The theme for the year is to “Be Your Bon Lin Best Every Day.” That’s whatever the student’s best is, he said. “If a C is your best, then that’s the best. If straight As are your best, then we’re going to get a little bit more out of you. So we’re going to be all about the kids.”
When he met with teachers last Wednesday morning, he encouraged them to get to know their students better – not just their academic struggles, but what makes them tick. “If we’re not sitting kids down and looking in their eyes and finding out what they want to be in life, what scares them, how they feel when they make mistakes, then that’s where we need to go.”
McClellan explained the concept. “When a kid can come to school and know that he or she is loved, that their teacher is going to listen to them and accept them for how they come in the building, and then make sure that they can make mistakes – because they’re going to make mistakes, either behaviorally or academically they’re going to make mistakes – but they’re going to know that we’re going to support them and not just criticize and punish them. It’s just so important to me.”
The challenges
Among the challenge that Tennessee educators will be facing are the new science standards, he said. This year will be a year of exploration of those changes before they officially go into effect for the 2019-20 school year.
There are also some new observations for literacy for the younger grades, McClellan said. Teachers’ work has been examined with care for years as part of the team rubric, but they will be observed through a different lens for literacy this year. That will be a change for the teachers.
He explained that teacher observations are based on the TNReady tests and their previous year of work. They get a raw score of where they fall between Levels 1 and 5, and that level determines the frequency at which their work is observed. The new element this year in those observations is focusing on literacy and writing for the younger grades.
Parental involvement
That literacy focus matches with what educators expect from the school’s parents.
“It’s really important for parents to read to their kids every night in some way, whether the child is reading to them or whether they are reading to the kid,” he said.
Bon Lin Elementary has held sessions in the past to train parents how to get their pre-readers ready for literacy. “What are the main characters? Think about the setting. Think about the climax of the story. So those kind of things are already embedded in kids as they start to read. So when they come across that in a text, they’re like, ‘Oh, that’s the main character,’ or ‘Oh, that’s the villain of the story.’”

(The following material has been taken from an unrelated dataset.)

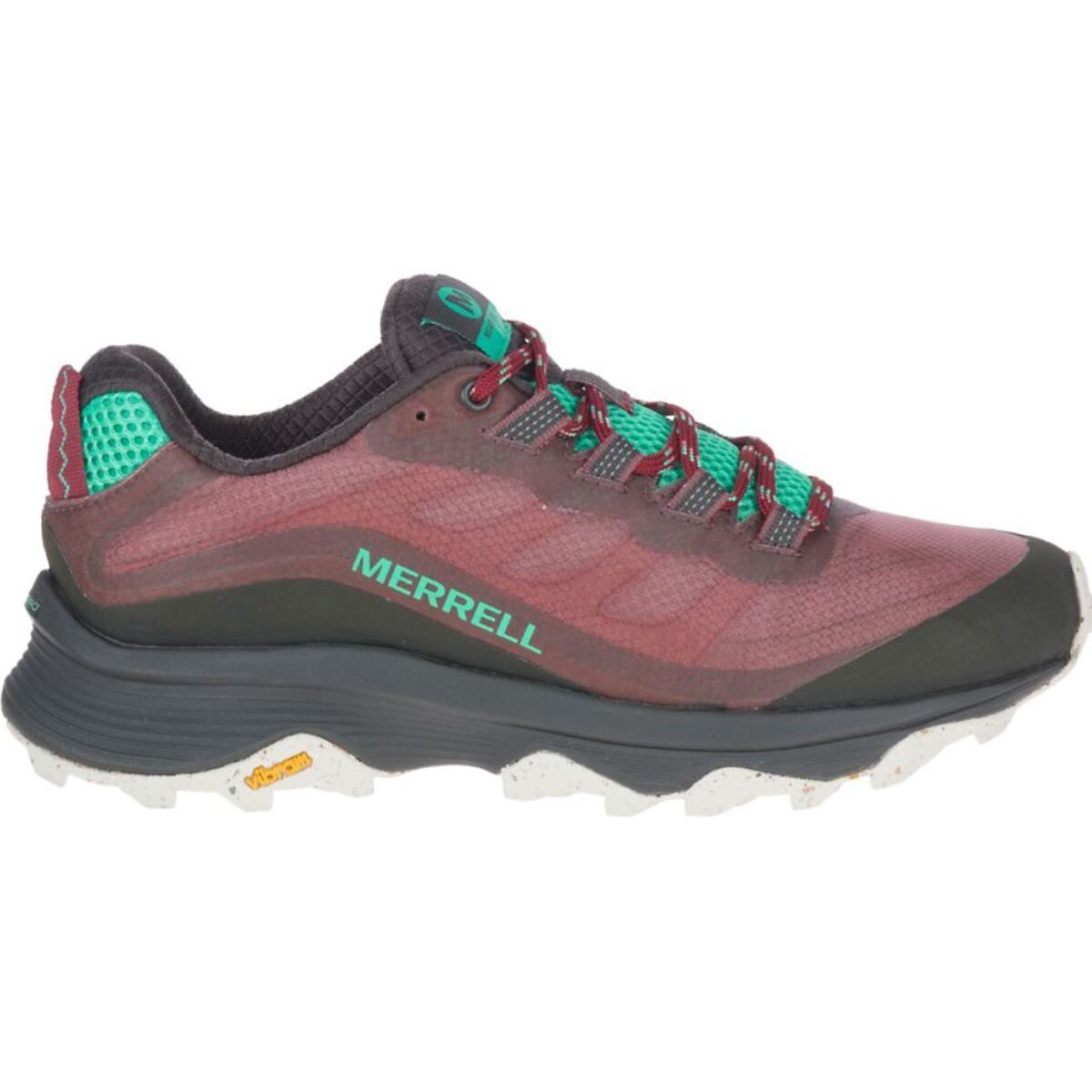 Merrell Moab Speed Hiking Shoe - Women's Burlwood, 8.0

In addition to reading, he appreciates when people support their children’s efforts on homework. Bon Lin tends to assign work that reinforces what has already been learned that day, not a new concept that the child must struggle with alone. Parents are partners with the school when they help to reinforce those skills.
He said the school is blessed to have very involved and supportive parents.

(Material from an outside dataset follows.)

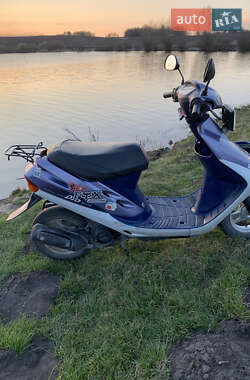 Мопеды Honda Dio AF-27 1992 в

“The great thing about this school, since I’ve been here so long, is that it pretty much runs itself. The faculty knows what the expectations are, the parents do too, the kids do too. So it’s a pretty well-oiled machine.”
His own experience as a parent enriches his understanding of children, although he said he does try to take off the “principal” hat when he comes home and remembers to be just “Dad” when there. Both he and his wife are educators (she teaches at Riverdale Elementary), and they have three children: A junior at Houston High School, a freshman starting at CBHS and a fifth-grader who’s still at Riverdale Elementary.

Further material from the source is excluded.